Dengan meletusnya berpuluh-puluh gunung berapi secara bersamaan yang sebagian
besar terletak di wilayah Indonesia (dulu) itu, maka tenggelamlah sebagian
benua dan diliput oleh air asal dari es yang mencair. Di antaranya letusan
gunung Meru di India Selatan dan gunung Semeru/ Sumeru/ Mahameru di Jawa Timur.
Lalu letusan gunung berapi di Sumatera yang membentuk Danau Toba dengan pulau
Somasir, yang merupakan puncak gunung yang meletus pada saat itu. Letusan
paling dahsyat di kemudian hari adalah gunung Krakatau (Krakatoa) yang memecah
bagian Sumatera dan Jawa dan lain-lainnya serta membentuk selat dataran Sunda.”
“Dalam usaha mengemukakan pendapat mendasarkan kepada sejarah dunia, tampak
Plato telah melakukan dua kekhilafan, pertama mengenai bentuk/ posisi bumi yang
katanya datar. Kedua, mengenai letak benua Atlantis yang katanya berada di
Samudera Atlantik yang ditentang oleh Santos. Penelitian militer Amerika
Serikat di wilayah Atlantik terbukti tidak berhasil menemukan bekas-bekas benua
yang hilang itu. Oleh karena itu tidaklah semena-mena ada peribahasa yang
berkata, “Amicus Plato, sed magis amica veritas.” Artinya, “Saya senang kepada Plato tetapi saya lebih senang kepada kebenaran.””

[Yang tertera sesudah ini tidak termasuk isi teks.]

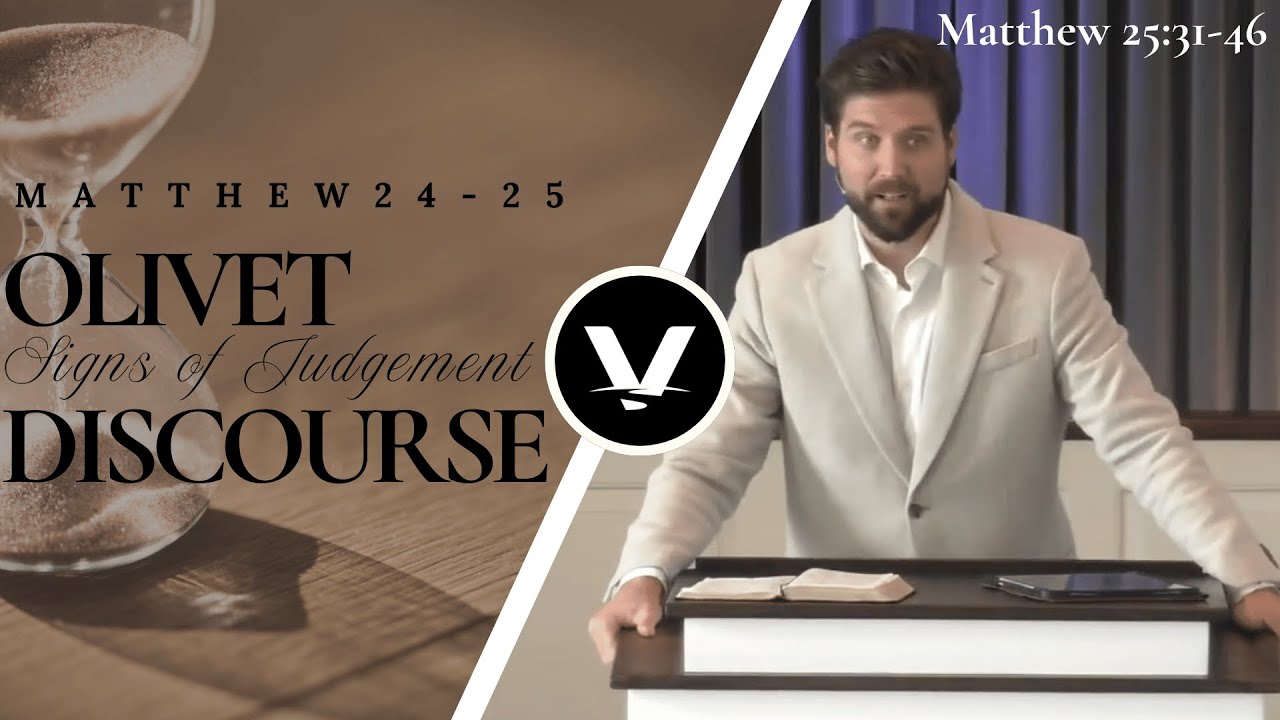 Olivet Discourse: The Final Judgement | Nick Kidwell | Matthew 25:31-46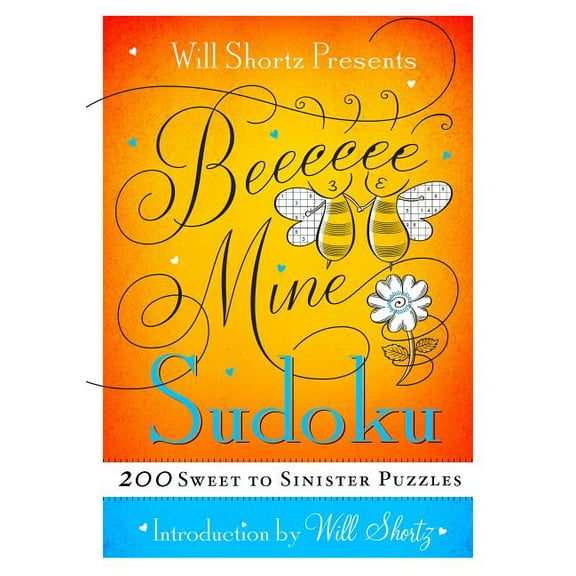 Will Shortz Presents Be Mine Sudoku, (Paperback)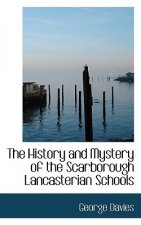 History and Mystery of the Scarborough Lancasterian Schools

“Namun, ada beberapa keadaan masa kini yang antara Plato dan Santos
sependapat. Yakni pertama, bahwa lokasi benua yang tenggelam itu adalah
Atlantis dan oleh Santos dipastikan sebagai wilayah Republik Indonesia. Kedua,
jumlah atau panjangnya mata rantai gunung berapi di Indonesia. Di antaranya
ialah Kerinci, Talang, Krakatoa, Malabar, Galunggung, Pangrango, Merapi,
Merbabu, Semeru, Bromo, Agung, Rinjani. Sebagian dari gunung itu telah atau
sedang aktif kembali.”
Geolog dan
fisikawan nuklir asal Brazil, Arysio Santos menenggelamkan usianya dalam
pelitian tersebut selama 30 tahun. Dan saya dapat dibilang sekadar menjumputi
permukaannya saja, yaitu baru melewati putaran bulan mengelilingi bumi yang
hampir genap dua kali pada kisaran Nuca Nepa. Kebetulan tahun ini terjadi
gerhana bulan total dua kali yang melingkupi wilayah Indonesia. Pertama
pada malam 16 Juni
2011 lalu (tulisan di bagian kedua), pun terjadi gerhana bulan total lagi
tanggal 10
Desember 2011 (nanti, menurut Hakim L. Malasan).
Ini
mengingkatkan penujuman gerhana matahari awalkali yang
dilakukan
filsuf Thales ke tahun 585 SM. Ingatan-ingatan dan informasi yang bertebaran menguatkan rabahan (remote sensing, penginderaan
jauh). Kecondongan saya terdahulu sejalan penelitian M. Yamin, kalau kita berasal dari
bangsa
Austronesia, dan bangsa Grik kian jauh kemungkinannya. Atau nafasan bebangsa di bumi berkaitan pada derajat tertentu yang menyembulkan pengertian, dan selisih paham dilarungkan demi rahmat terindah penelusuran
yang berliku di
kedalaman insan.
Mula saya
simak esainya IK dalam kurun musim kemarau hingga mengawali ini (akhir tulisan bagian XIII, terposting di facebook 28 September 2011). Kini musim penghujan merambati bencah saya diami.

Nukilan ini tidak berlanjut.